The shape and extent of the articular disc as well as the radial portions of the radioulnar ligaments did not change with pronation and supination. The articular disc was horizontal in the neutral position and tilted more distally to align with the proximal carpal row in pronation and supination. The fibers of the ulnar part of the radioulnar ligaments (ulnar attachment of the articular disc) revealed the most significant changes: their orientation was coronal in the neutral position and sagittal in positions of pronation and supination. The ulnomeniscal homologue was largest in the neutral position and was reduced in size during pronation and supination. The extensor carpi ulnaris tendon was centered in its groove in the neutral position and pronation. In supination this tendon revealed subluxation from this groove. The dorsal capsule of the distal radioulnar joint was taut in pronation, and the palmar capsule was taut in supination. The preferred forearm position for analysis of most of the structures of the TFCC was the neutral position, followed by the pronated position. The neutral position was rated best for the detection of ulnar and radial detachments of the TFCC, followed by the pronated position, except for two central perforations of the TFCC which were best seen with supination.
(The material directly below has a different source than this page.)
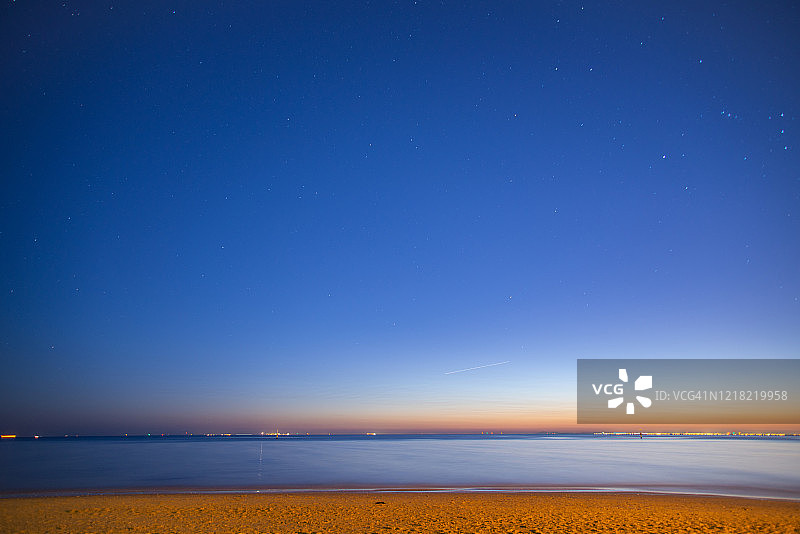 澳大利亚墨尔本布莱顿海滩美丽的夜景图片素材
The articular disc and the surrounding radial portions of the radioulnar ligaments form a rigid, unified complex with the radius without change in their shape in positions of pronation and supination of the forearm, while the ulnar attachment of the TFCC shows important dynamic changes. The neutral forearm position is the best position to analyze both the normal and the abnormal TFCC.